BEGIN
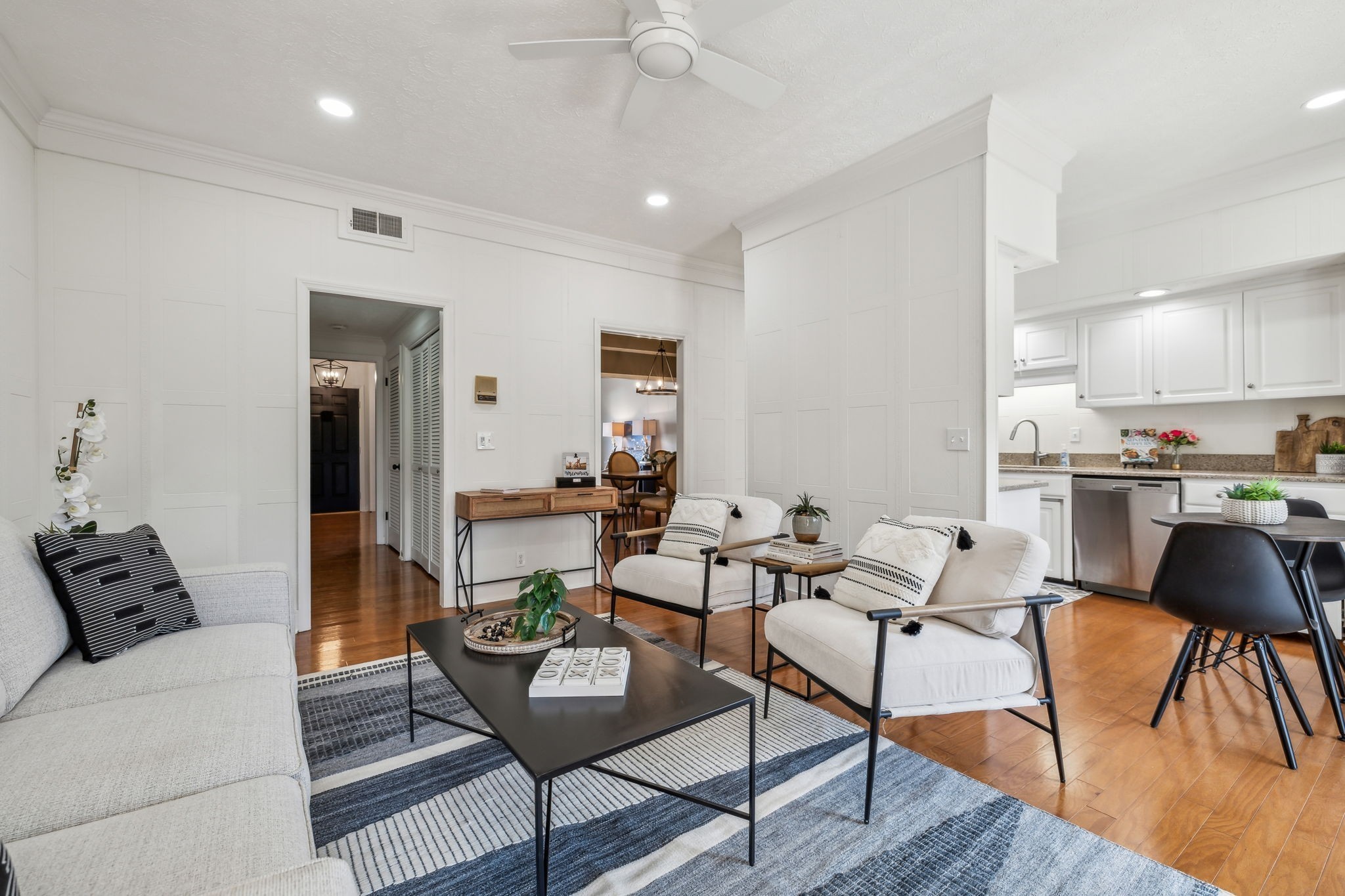 102 Foxborough Sq, W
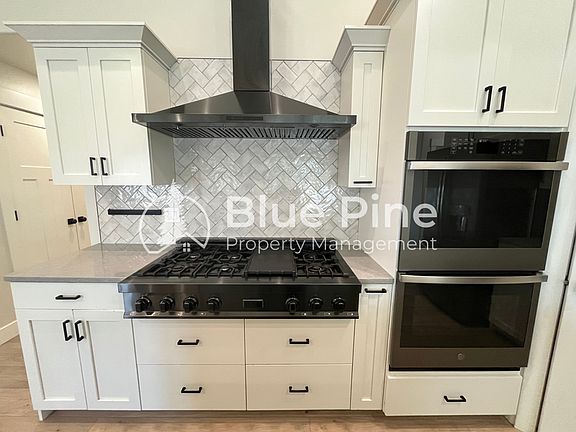 5th image of 4480 N Bristol Dr
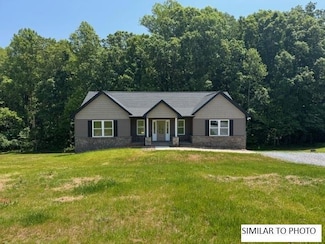 1 Stratford Rd, Concord, VA 24538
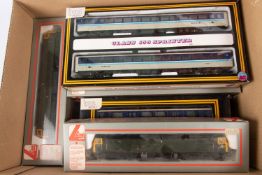 10x OO gauge railway by Lima and Dapol. Including 3x BR Co-Co diesel locomotives all in green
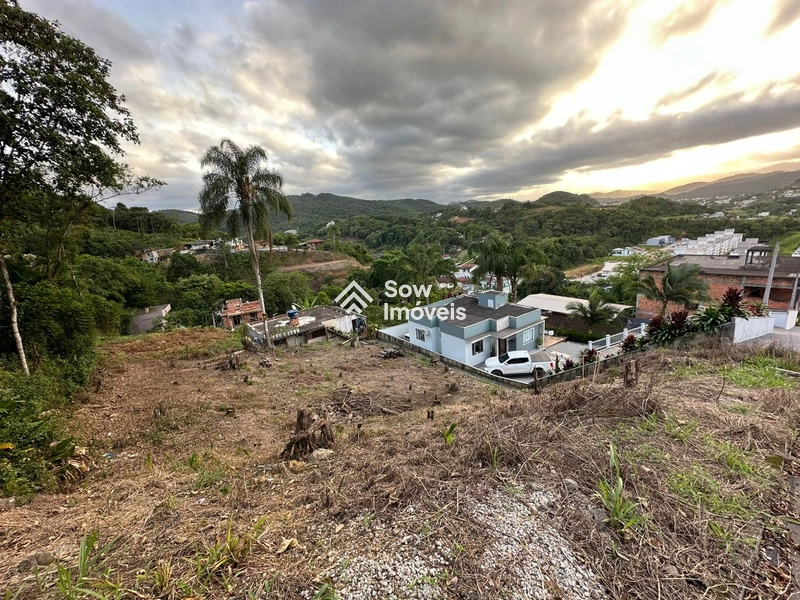Excelente terreno a venda no Bairro Souza Cruz: 2ª foto da galeria de imagens do imóvel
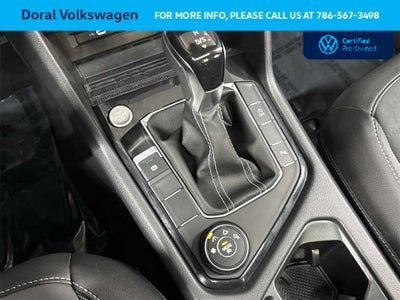 2025 Volkswagen Taos SE Black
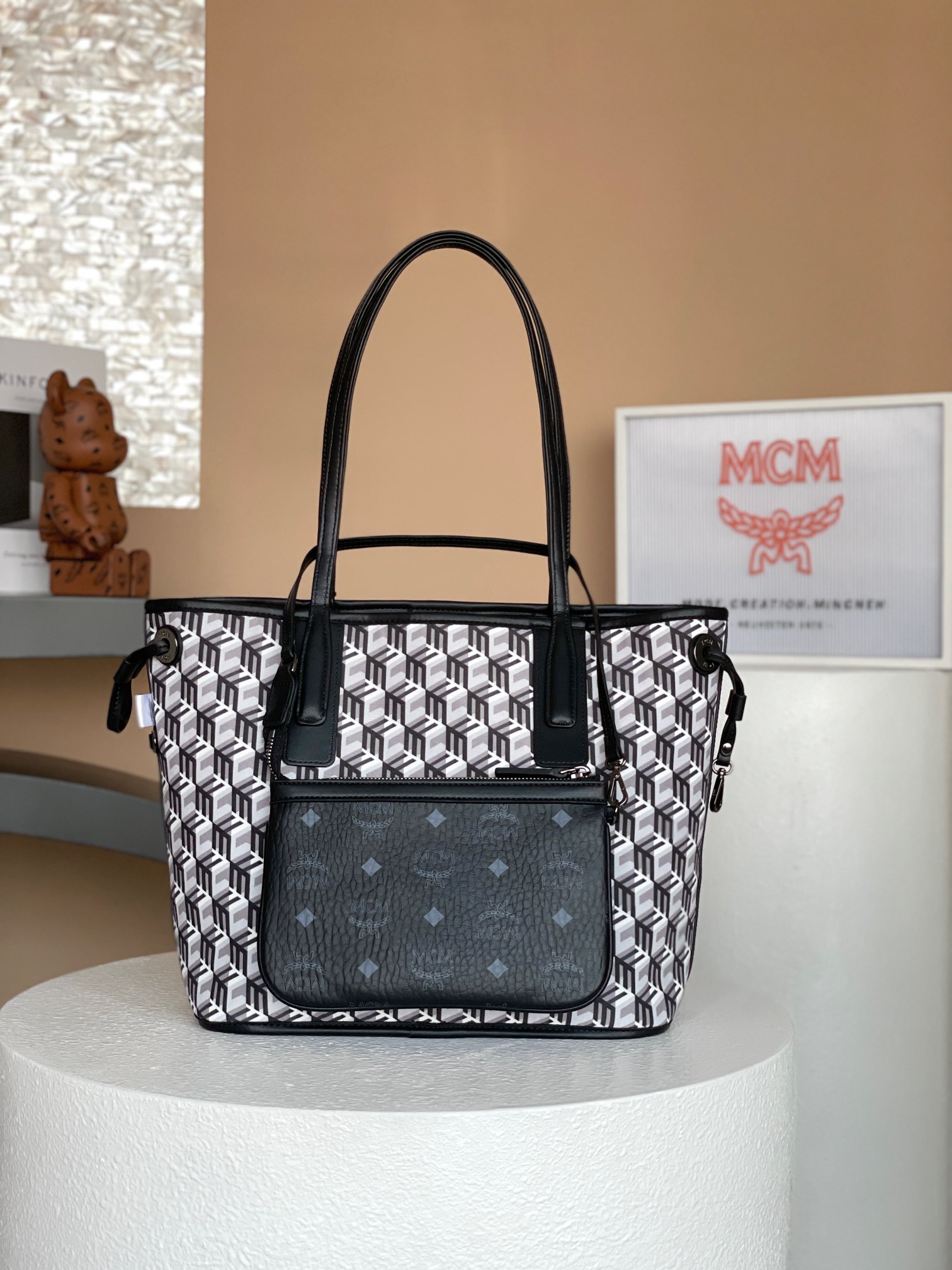 mcm ラッピングＮ級品 優雅レディ エムシーエム 牛革 トート ハンドバッグ 両面 ブラック_3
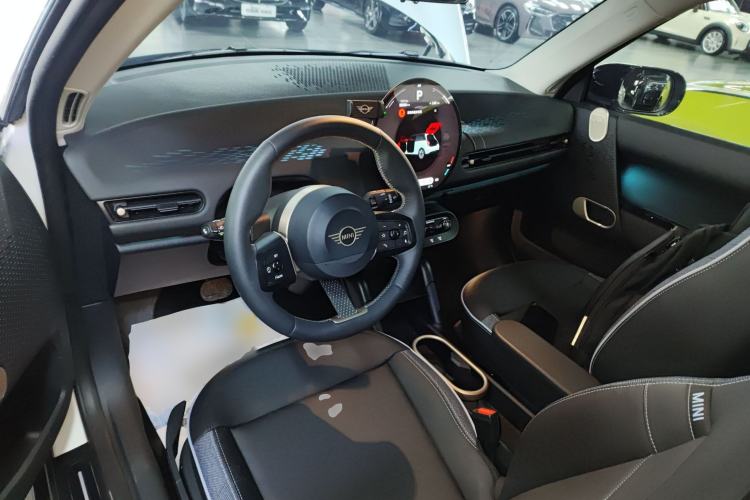 Used MINI Electric COOPER 2024 456km COOPER E Classic Edition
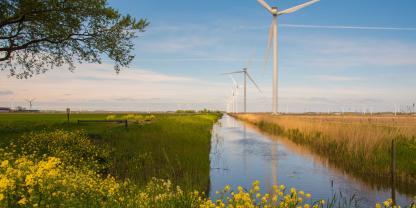 Der Anteil von Windkraft-, Biogas- und Photovoltaik-Anlagen an der Stromerzeugung nimmt weiter zu, konventionelle Kraftwerke werden seltener.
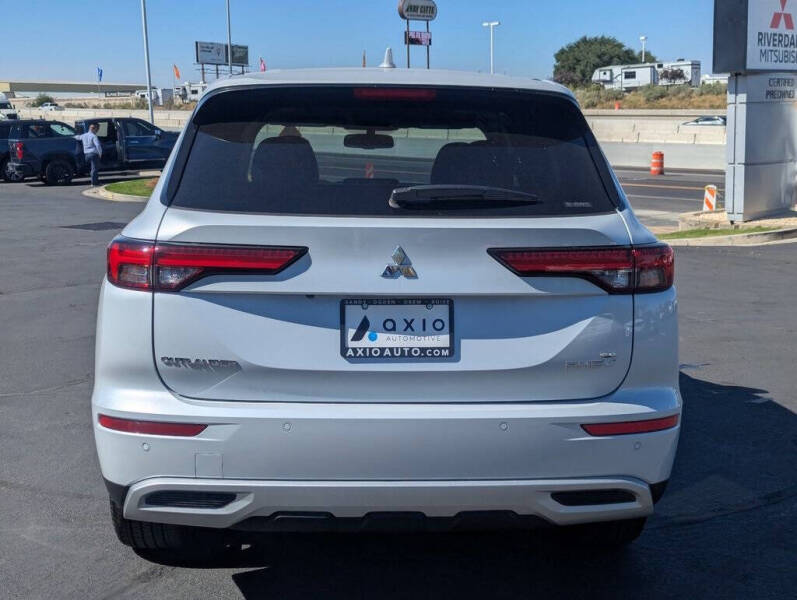 2025 Mitsubishi Outlander PHEV SE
END
Exercise instructions =>
Excluding the pictures, output every entry above without alteration.

Answer to the problem =>
 102 Foxborough Sq, W
 5th image of 4480 N Bristol Dr
 1 Stratford Rd, Concord, VA 24538
 10x OO gauge railway by Lima and Dapol. Including 3x BR Co-Co diesel locomotives all in green
Excelente terreno a venda no Bairro Souza Cruz: 2ª foto da galeria de imagens do imóvel
 2025 Volkswagen Taos SE Black
 mcm ラッピングＮ級品 優雅レディ エムシーエム 牛革 トート ハンドバッグ 両面 ブラック_3
 Used MINI Electric COOPER 2024 456km COOPER E Classic Edition
 Der Anteil von Windkraft-, Biogas- und Photovoltaik-Anlagen an der Stromerzeugung nimmt weiter zu, konventionelle Kraftwerke werden seltener.
 2025 Mitsubishi Outlander PHEV SE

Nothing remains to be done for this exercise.